Les res­pon­sa­bles de la CGT, de leur côté, aidés par Thomas et les autres minis­tres socia­lis­tes, sau­ront s’asso­cier à l’action du gou­ver­ne­ment au sein de com­mis­sions mises sur pied pour cette occa­sion.

À la fin de la guerre, ces différents minis­tres et leurs col­la­bo­ra­teurs seront remer­ciés comme il se doit, en étant mis à la porte du gou­ver­ne­ment.

Les gran­des grèves ouvrières de 1919 et 1920 met­tront fin au rap­pro­che­ment esquissé entre gou­ver­ne­ment et patro­nat, d’une part, et la CGT de l’autre. Cependant, la CGT ten­tera de pro­fi­ter des grèves, notam­ment la grève des che­mi­nots, pour essayer d’impo­ser des natio­na­li­sa­tions (à com­men­cer par celle des Chemins de Fer) et l’ins­ti­tu­tion d’un Conseil éco­no­mique du Travail, sorte d’orga­nisme de pla­ni­fi­ca­tion. Cela aurait permis aux bureau­cra­tes de garder un stra­pon­tin pour la ges­tion du capi­tal, à laquelle ils avaient goûté entre 1914 et 1917. Sans succès. Il leur faudra, pour cela, atten­dre 1936 et sur­tout 1845.

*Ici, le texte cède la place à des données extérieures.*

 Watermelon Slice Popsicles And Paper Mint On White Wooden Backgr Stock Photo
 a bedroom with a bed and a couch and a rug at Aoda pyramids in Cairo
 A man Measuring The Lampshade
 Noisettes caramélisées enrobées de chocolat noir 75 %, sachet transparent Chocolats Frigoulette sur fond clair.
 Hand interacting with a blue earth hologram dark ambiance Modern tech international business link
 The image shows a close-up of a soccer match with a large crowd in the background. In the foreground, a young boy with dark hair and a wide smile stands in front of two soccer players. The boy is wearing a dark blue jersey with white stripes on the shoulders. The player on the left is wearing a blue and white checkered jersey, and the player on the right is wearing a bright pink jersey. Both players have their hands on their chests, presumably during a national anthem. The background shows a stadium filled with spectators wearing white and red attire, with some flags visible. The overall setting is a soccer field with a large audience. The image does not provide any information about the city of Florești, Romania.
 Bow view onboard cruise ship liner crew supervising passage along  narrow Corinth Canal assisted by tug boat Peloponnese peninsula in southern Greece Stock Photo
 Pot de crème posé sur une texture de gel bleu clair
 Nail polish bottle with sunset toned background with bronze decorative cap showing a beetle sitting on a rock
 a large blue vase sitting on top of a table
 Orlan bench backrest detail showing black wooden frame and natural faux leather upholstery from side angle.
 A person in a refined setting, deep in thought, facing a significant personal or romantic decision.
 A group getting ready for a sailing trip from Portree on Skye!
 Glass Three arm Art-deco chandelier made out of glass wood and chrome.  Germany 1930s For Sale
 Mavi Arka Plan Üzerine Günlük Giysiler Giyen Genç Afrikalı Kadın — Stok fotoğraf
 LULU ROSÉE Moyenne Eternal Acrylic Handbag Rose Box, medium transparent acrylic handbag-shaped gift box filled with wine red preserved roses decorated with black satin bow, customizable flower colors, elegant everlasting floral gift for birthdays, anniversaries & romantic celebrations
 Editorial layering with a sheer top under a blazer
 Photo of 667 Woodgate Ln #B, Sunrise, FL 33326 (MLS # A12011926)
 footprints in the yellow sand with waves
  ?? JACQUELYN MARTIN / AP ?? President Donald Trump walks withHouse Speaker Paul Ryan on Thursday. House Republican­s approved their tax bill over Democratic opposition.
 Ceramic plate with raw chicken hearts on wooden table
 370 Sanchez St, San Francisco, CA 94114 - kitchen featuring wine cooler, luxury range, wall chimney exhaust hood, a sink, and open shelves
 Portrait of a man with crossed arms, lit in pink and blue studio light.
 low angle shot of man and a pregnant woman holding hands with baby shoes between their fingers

Combat com­mu­niste n° 34, février 1978

1. Albert Thomas, fils de bou­lan­ger, nor­ma­lien, res­pon­sa­ble de la rubri­que syn­di­ca­liste à L’Humanité en 1904, fonda La Revue syn­di­ca­liste en 1905. Dès octo­bre 1914, Millerand, socia­liste, minis­tre de la Guerre, l’affecte à la fabri­ca­tion du matériel de guerre. En mai 1915, est créé pour lui un sous-secré­tariat d’Etat à l’Artillerie et aux Munitions. En déc­embre 1916, le sous secré­tariat d’Etat devient un ministère. Thomas y reste jusqu’au retrait des minis­tres socia­lis­tes en sep­tem­bre 1917. Député de Carmaux en 1919, il sera désigné comme direc­teur du Bureau inter­na­tio­nal du Travail, créé en 1919, jusqu’à sa mort en 1932.